CoNenn's been changed to Xabian just so you're not all confused. Just like it better.
The Wife. Tired? Not so much, maybe resigned and accepting is a better term. My marriage has been totally one way. Everyone knows it, even my wife.
I've been implementing DB for years....for YEARS! and it hasn't changed things. I've never forgotten the lessons. I still have the book. I will read it again and look into those ideas you all have suggested.

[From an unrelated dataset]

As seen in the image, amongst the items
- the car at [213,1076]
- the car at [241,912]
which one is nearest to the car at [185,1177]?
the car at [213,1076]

Other men possible you say? I know not on a physical level. I can read my wife like a book. She wears guild on her sleeve when she hides something. I'm sure on that. However, there are a few men she works with (at her work) she thinks are funny and nice etc, and perhaps she sees alternatives and it brings her to question. I suppose if you were in a state of sadness to begin with it could make your heart and mind wander. Perhaps this is a factor., but it may be a side-effect.
Smileys, very eloquent post, thank you. Your thoughts are mine it seems. At what point do you throw in the towel or get another indeed? Eight years + of lovelessness wears hard on a person. I fight for my kids.

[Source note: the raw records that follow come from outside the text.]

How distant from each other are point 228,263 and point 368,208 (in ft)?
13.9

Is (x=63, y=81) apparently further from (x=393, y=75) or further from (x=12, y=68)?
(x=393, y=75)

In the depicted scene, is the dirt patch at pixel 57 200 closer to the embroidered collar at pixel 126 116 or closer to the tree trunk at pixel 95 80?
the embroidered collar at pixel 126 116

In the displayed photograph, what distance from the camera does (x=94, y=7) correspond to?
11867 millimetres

Just wanted to clarify that when my wife said she wanted 'space' last week i interpreted it to be more independence (her lack of was perceived and i told her so) and no physical or emotional transaction. I will comply only because to do is to detach. Its not a difficult thing for me to do as i felt it was being done. It was more for my wifes frame of mind that she know this was our 'deal'. She has been outwardly happier since then go figure and i wonder this time if she is insulating herself for whats to come. I have moved beyond worrying about it and will do things for myself and the kids.